|Ph.D Student||Starosvetsky Yuli|
|Subject||Vibration Protection Based on Nonlinear Energy Sinks:|
Mathematical Description and Applications
|Department||Department of Mechanical Engineering||Supervisor||Professor Oleg Gendelman|
|Full Thesis text|
One of the serious problems facing engineering design is undesired vibrations which cause severe and often unpredictable damage and failures in various applications. Many investigations in the past and present centuries are devoted to vibration isolation. The objective of a vibration isolation design is to prevent unwanted vibrations generated in a system from being transferred to other neighboring connected systems. Few structural examples are isolation of aero-structures, vibrating machinery, or buildings, vehicle suspensions.

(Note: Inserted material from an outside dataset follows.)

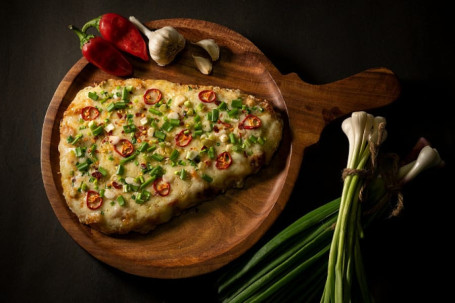 Desi Dhamal Pizza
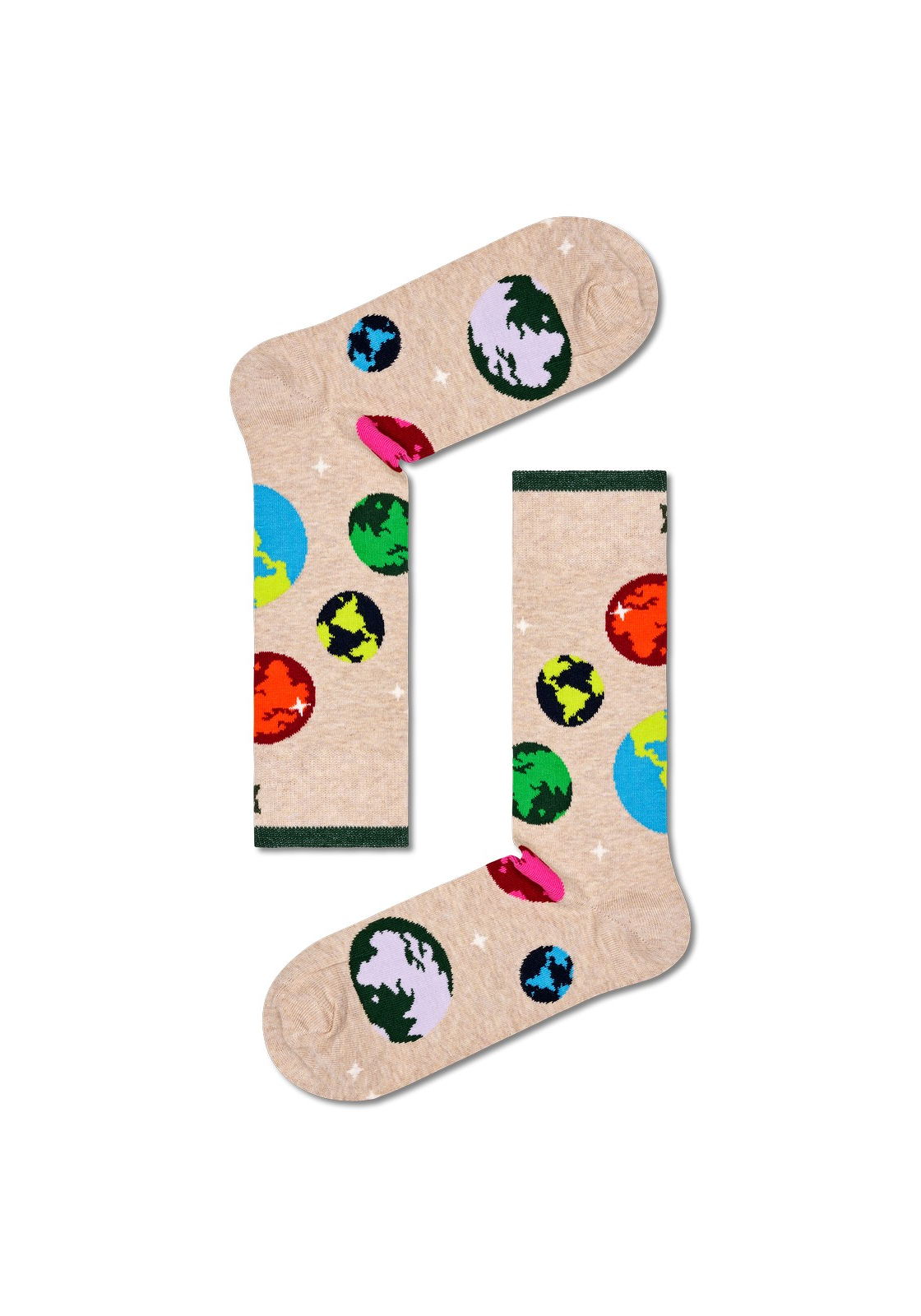 image_3_1125924_NONE_01 Happy Socks Planet Earth Sock, unisex sokken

The most well known solution of the problem is a linear vibration absorber, where an additional linear degree of freedom is added to the existing linear or weakly nonlinear main system. The linear absorber has a major drawback since it is only effective in the neighborhood of a single frequency.

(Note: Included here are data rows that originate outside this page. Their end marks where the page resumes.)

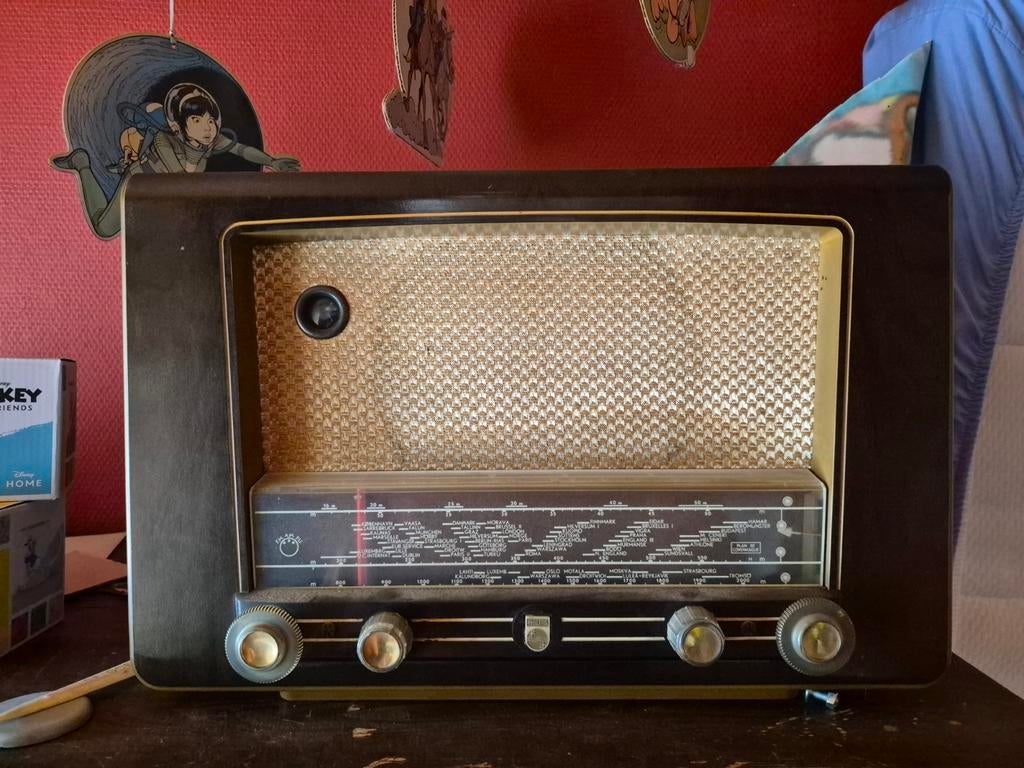 Philips BX410A, Antiek en Kunst, Ophalen of Verzenden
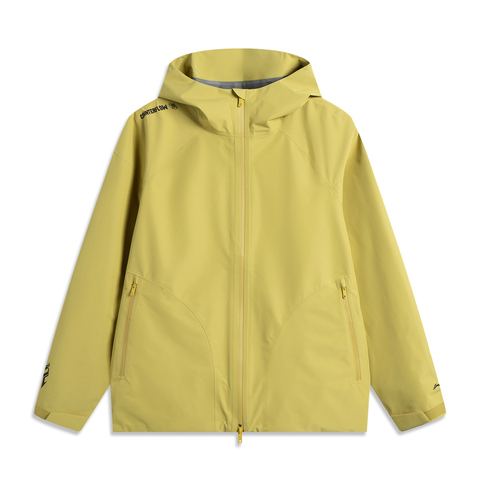 LI-NING李宁2025中性单层冲锋衣冲锋衣AEMV005-9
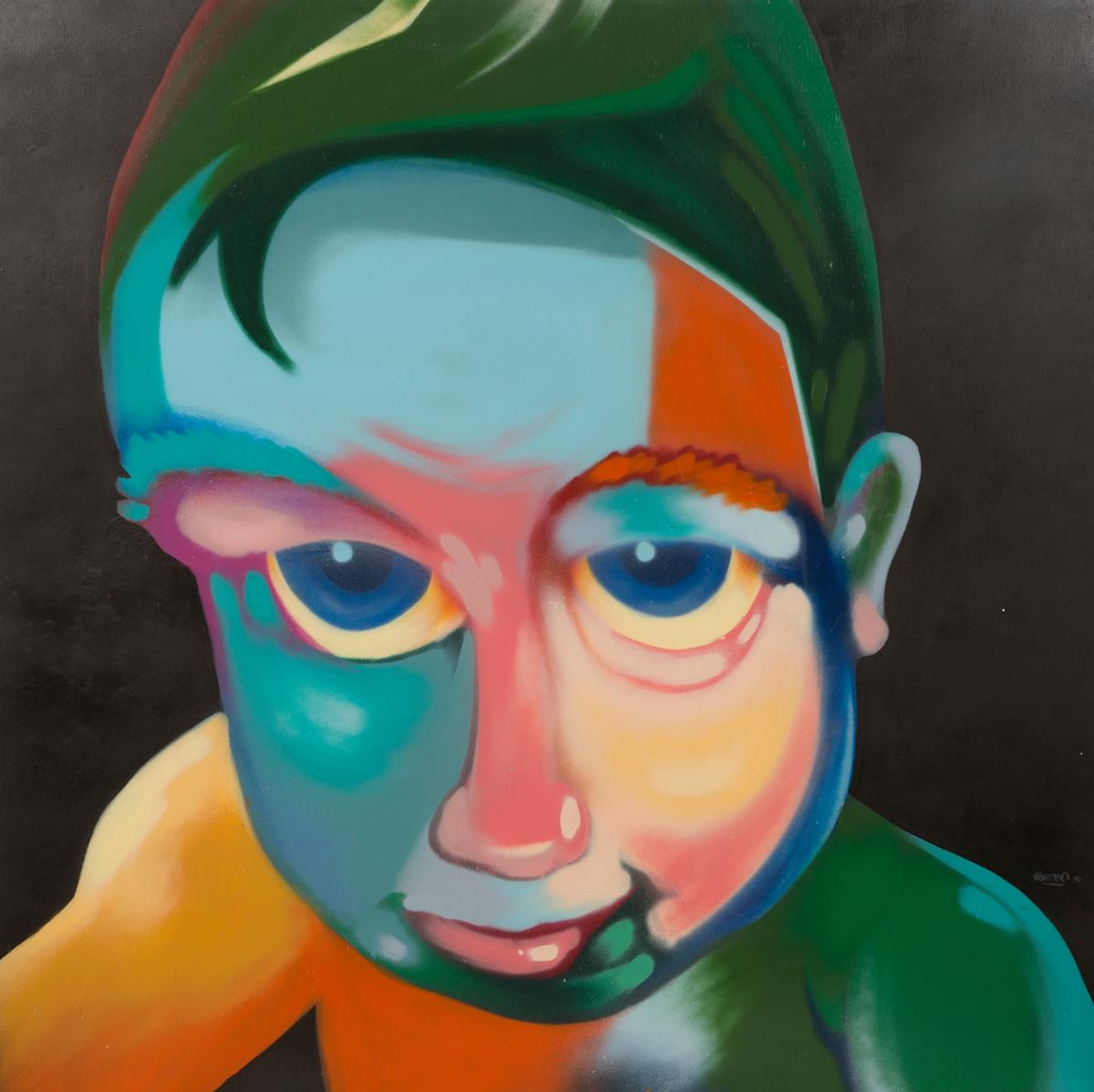 VINNIE by Man One, Image 1.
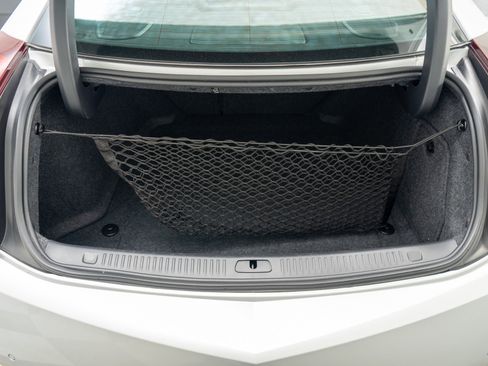 Used 2011 Cadillac CTS V w/ Wood Trim Package RWD image 19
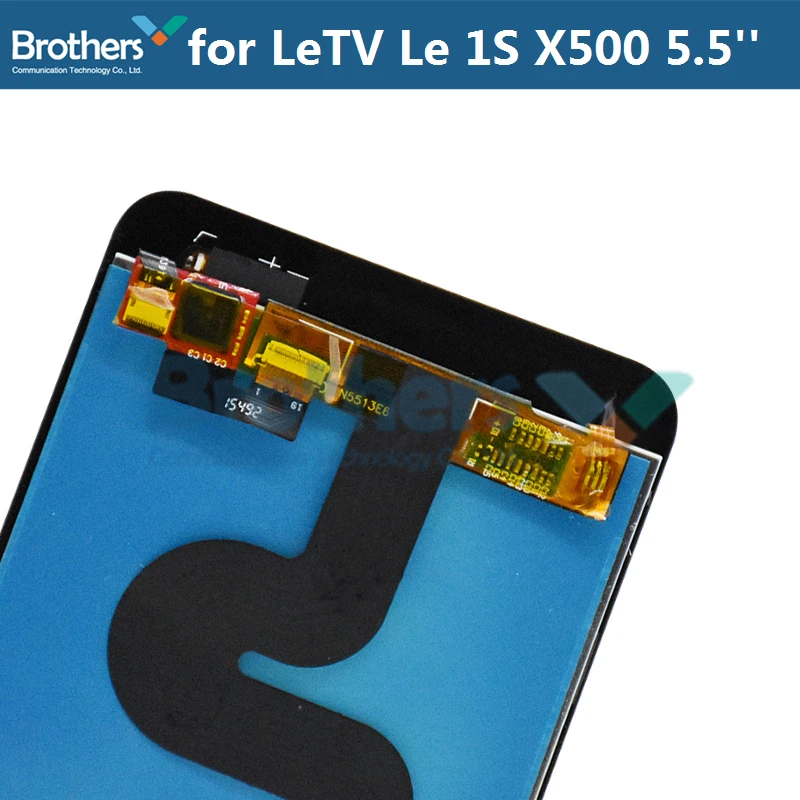 ЖК дисплей для LeTV X500 экран Le 1S в сборе сенсорный дигитайзер 5 ''X501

As shown in earlier researches dealing with transiently excited systems strongly nonlinear vibration absorber may effectively absorb vibrations for each excited mode with remote frequencies. However, in spite of significant advantages in the use of strongly nonlinear vibration absorber it possesses also one major drawback. Due to the nonlinearity presenting in the system there exist additional undesired regimes with high-valued amplitudes.
The first part of the research is devoted to the extensive study of a two-degree-of-freedom system comprising of the main linear oscillator coupled to a strongly nonlinear vibration absorber. New semi analytical approach is developed for precise estimation of the effective system regimes for vibration suppression.
Moreover in this research we study and develop new tools for prevention of the system undesired regimes. Applications of strongly nonlinear vibration absorber on single and multi-degree-of-freedom linear systems subject to harmonic and initial excitations are addressed. In the first hand the system of two linear, coupled oscillators with remote and incommensurate frequencies (subject to harmonic excitation) with the absorber attached to it is considered. It is shown that strongly nonlinear vibration absorber is of significant preference comparing to a well known tuned mass damper. Existence of internal resonances in the linear subsystem is also addressed in the study. However, system under investigation in this case is subject to initial excitation and not a harmonic one. Extensive analytical and numerical studies are performed for the three-degree-of-freedom systems and the methods developed for a two-degree-of-freedom case are successfully extended.